I graduated with my MA in gender and cultural studies (GCS). My areas of interest were women’s health, autobiography, and HIV.
What are you doing now?
I'm an Assistant Professor in the Disability Studies Program at University of Toledo.
How did Simmons prepare you for your PhD program?
It definitely allowed me the time to develop the analytical reading skills I needed for PhD work; my critical writing skills also improved immensely. I came to the program with a creative writing degree and my learning curve was steep!
What do you believe was your greatest accomplishment at Simmons?
Learning to read—I’m not kidding! When I began at Simmons, I went to my first class with Jyoti Puri and thought I had read the wrong book, I was so lost in the discussion. I went home, cried, and then got to work reading by summarizing every paragraph, sometimes every sentence, of every reading until I figured out how to do close reading of critical theory, a skill I use every single day as a tenure-track professor of Disability Studies.

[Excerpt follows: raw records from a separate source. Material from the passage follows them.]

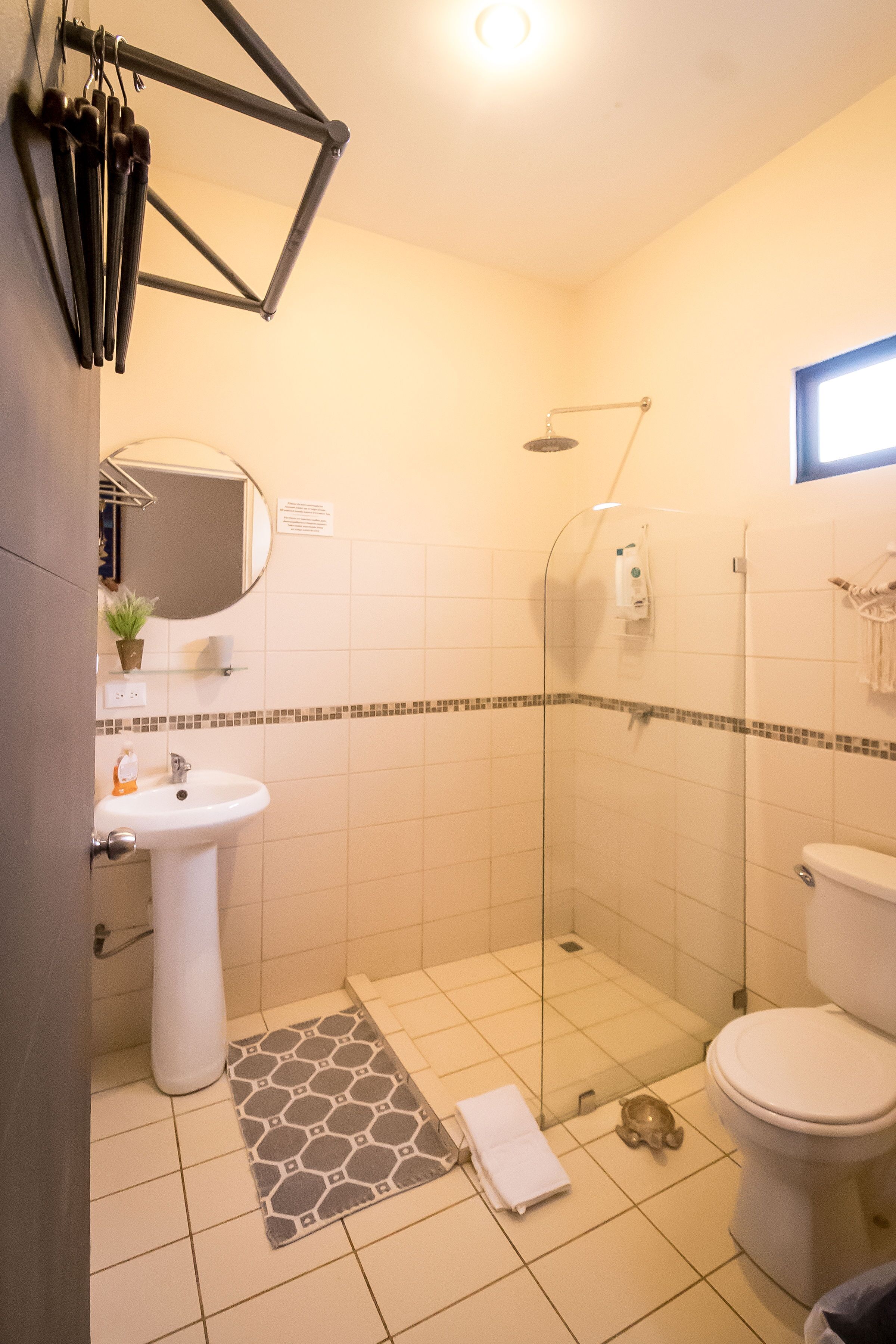 A bathroom with a sink, toilet, shower, and a mirror.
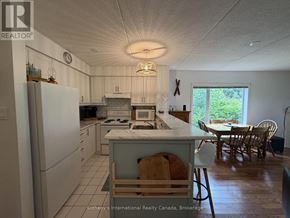 Collingwood townhouse for rent - A kitchen with a white fridge and a white island with a wooden chair.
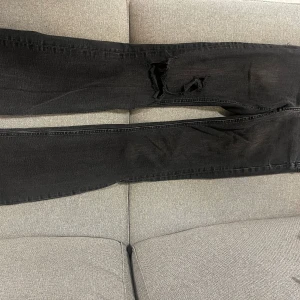 Svarta ripped jeans från Zara - Svarta jeans från Zara med slitna detaljer och hål på låret. (Egen gjorda hål) . Jeansen har råa, fransiga benslut. Materialet är jeans med dragkedja och knapp framtill. Färgen är washed out black. Använda men i bra skick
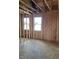 Framed room featuring exposed construction, two windows and open space, highlighting its potential and natural light at 72 Cultivator Ct, Angier, NC 27501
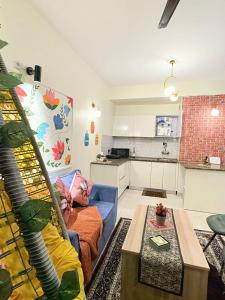 Una sala de estar con un sofá azul y una cocina. en RS Stays, en Noida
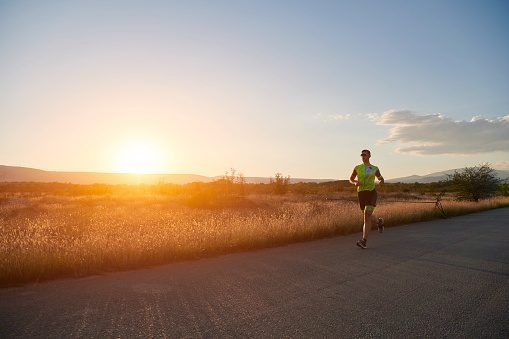 triathlon athlete running on morning training sunrise in the background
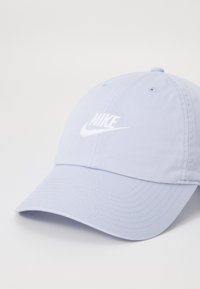 Svetlofialová bavlnená baseballová čiapka s bielou vyšitou ikonou Nike na prednej strane. Obsahuje zakrivený šilt a ventilačné otvory.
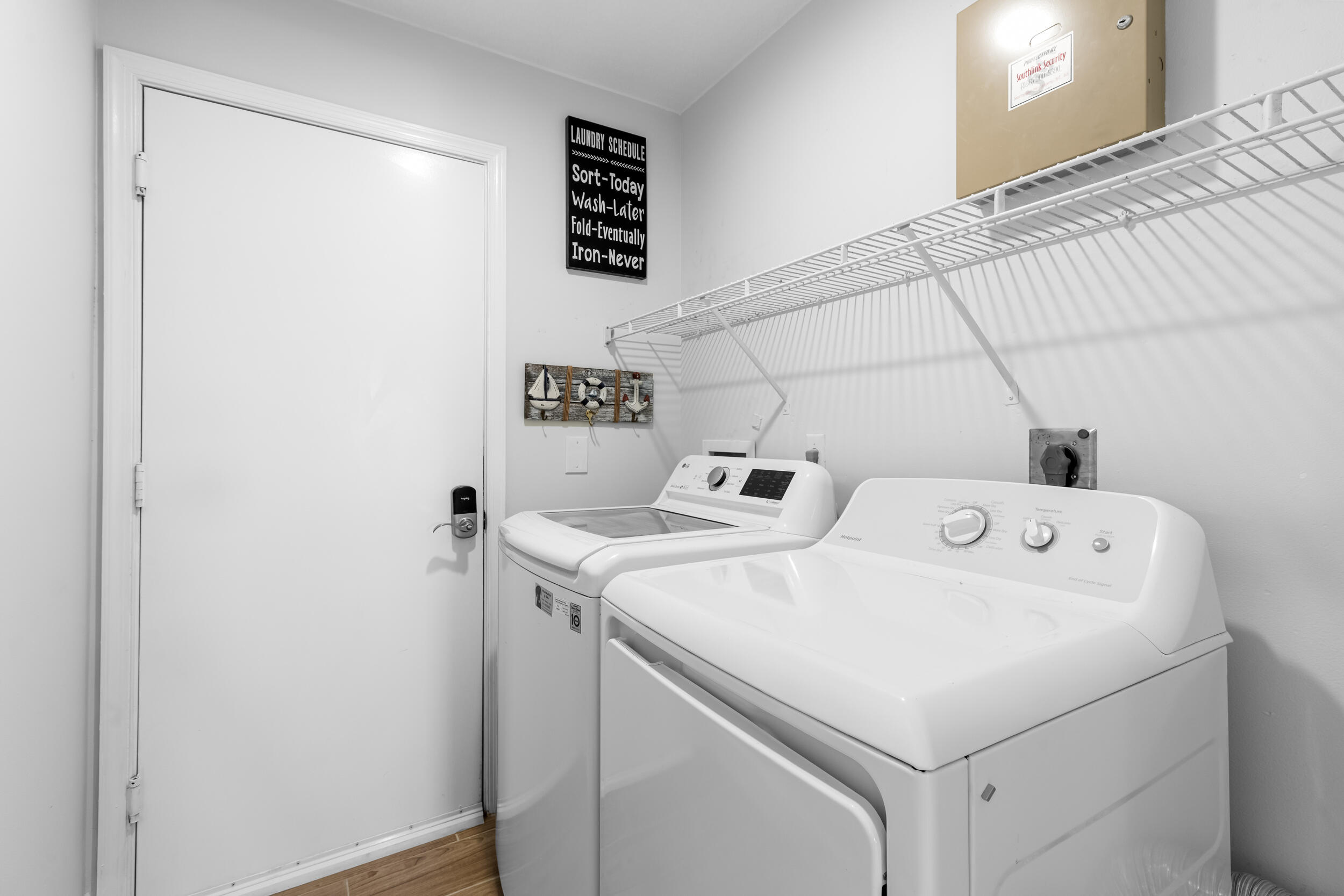 14451 Parker Ridge Court Delray Beach, FL 33484 - Photo 23 of 48 a utility room with dryer and washer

What were the benefits of an interdisciplinary/intersectional program like gender and cultural studies?
Not only does it give you the opportunity to read and re-read foundational theorists but it gives you several lenses through which to interact with those theorists. With these lenses, it becomes easier to see the holes in the scholarship, where your own work can really make a difference.
What was the best part of being a GCS student?
What wasn't? GCS will always be my intellectual home.